Witte v. Old Nat. Bank of Spokane

189 P.2d 250, 29 Wash. 2d 704, 1948 Wash. LEXIS 449
CourtWashington Supreme Court
DecidedJanuary 22, 1948
DocketNo. 30242.
StatusPublished
Cited by7 cases

This text of 189 P.2d 250 (Witte v. Old Nat. Bank of Spokane) is published on Counsel Stack Legal Research, covering Washington Supreme Court primary law. Counsel Stack provides free access to over 12 million legal documents including statutes, case law, regulations, and constitutions.

Bluebook
Witte v. Old Nat. Bank of Spokane, 189 P.2d 250, 29 Wash. 2d 704, 1948 Wash. LEXIS 449 (Wash. 1948).

Opinions

*705 Schwellenbach, J.

This is an appeal from an order of dismissal after sustaining a demurrer to the amended complaint.

The amended complaint follows:

“(1) That she is the surviving spouse of E. A. Witte, deceased,' who died in Whitman County, in the month of January, 1942. That at the time of the death of the said E. A. Witte, the plaintiff and the said E. A. Witte owned approximately five hundred thousand dollars worth of community property.
“(2) That, with intent to defraud the plaintiff, the said E. A. Witte drew a will falsely stating that the said property was not community property, but was the separate property of the said E. A. Witte, and named his children, Adam Witte, Clarence Witte, and Eva Kerns as the devisees of his said estate.
“(3) That under the said will the Old National Bank of Spokane, defendant herein was appointed executor or administrator and acted in such capacity, and John Evans was chosen by the said Bank and acted as the attorney for the said executor.
(4) That for the purpose of defrauding the plaintiff, the said E. A. Witte had placed large amounts of real property in the names of his various children, devisees under the will.
“(5) That an agreement was entered into between the plaintiff and the devisees for a division of the property providing that the status of the property, whether separate or community should be thereafter determined.
“(6) That the defendants herein, as trustees of the said estate acted in collusion with the devisees under the said will, and disregarding the terms of the agreement that the status of the property should be determined, inventoried the said property as the separate property of the deceased. They well knew all of the facts in relation to the said property, and their actions in inventoring the said property as separate property was not an attempt to fairly represent the said estate but was in the interest of the said devisees here-inbefore named.
“(7) That the said defendants well knew that the said E. A. Witte had fraudulently placed various pieces of real property in the names of his children, but they refused to inventory the said property in the estate, although requested to do so.
“(8) That by reason of the action of the said defendants *706 in inventonng the said real property falsely, and failing to inventory in the estate the real property belonging to the estate, the plaintiff was forced to go to a large amount of expense in employing consel, and in resisting the attempt to distribute the property under the said theory.

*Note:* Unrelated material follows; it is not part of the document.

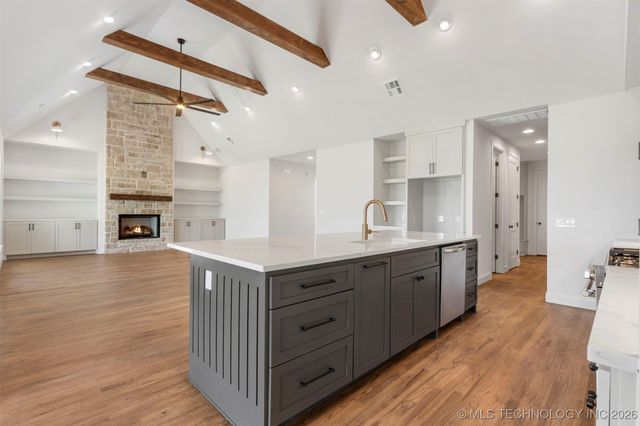 2717 E 134th Circle, Bixby, OK 74008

That the said actions were not in any way in the interest of the estate but were opposed to the interest of the estate.
“(9) That under the theory that the property of the estate was separate property, the said defendants, without any order of the Court paid to the United States Government and the State of Washington a large and excessive amount of taxes, which would have been no lien against the estate if the inventory had been proper.
“(10) That acting for and in the interest of the devisees under the will and against the interest of this plaintiff, the defendants filed a final account, asking the Court to distribute the property of the estate under the false and fraudulent will and under the false and fraudulent inventory as filed therein. That the true facts were not advanced by the defendants in that cause and the Court found that all of the said property was separate property.
“(11) That the said Adam Witte, Clarence Witte, and Eva Kerns made no appearance at the time of the final account, but were represented by the defendants. That the matter was appealed from the judgment of the lower Court, and the said devisees were not represented in the Supreme Court but the attorney, John Evans, appeared for the said parties in the Supreme Court, and filed a brief and argued orally that the property was separate property and should not be inventoried in the estate. That the said appearance in the Supreme Court was not in the interest of the estate, but was in the interest of the devisees under the will and against the interests of the estate and against the interests of this plaintiff.
“(12) That the Supreme Court held that the said property and each and all thereof was community property, that all of the said property was wrongfully inventoried as separate property and that the payment of the excessive taxes was wrongful and the real estate and personal property was thereafter distributed under a new inventory, and plaintiff was given a large recovery from the estate.
“ (13) That all of the action of the defendáis in the above entitled estate were wrongful and were not in the interest of the said estate, but were made by the defendants with full knowledge of all of the facts herein for the purpose of defrauding plaintiff.
*707 “(14) That by reason of the fraudulent action of the defendants as aforesaid, plaintiff has been to large expense in employing counsel in costs, in time lost, in transportation, in interest for moneys delayed in the accounting, and in the reduction of her distributive share in the estate, all to the amount of $25000.00.
“Wherefore, plaintiff prays judgment in the sum of $25000.00, for her costs and disbursements, and for such other and further relief as to the Court may seem meet and equitable.”

The controversy concerning this estate has been before us twice. In re Witte’s Estate, 21 Wn. (2d) 112, 150 P. (2d) 595; and In re Witte’s Estate, 25 Wn. (2d) 487, 171 P. (2d) 183.

In the first-mentioned case, at the hearing before the trial court, the following exceptions were filed to the final account of the executor: that all of the property left by the deceased, except approximately 500 acres, was community property; that, in addition, certain described property was community property and should have been inventoried in the final account; that Mrs. Witte excepted to the payment to her in any sum less than $100,000; and to the payment of state and Federal taxes, and attorneys’ and executor’s fees in excess of certain stated sums.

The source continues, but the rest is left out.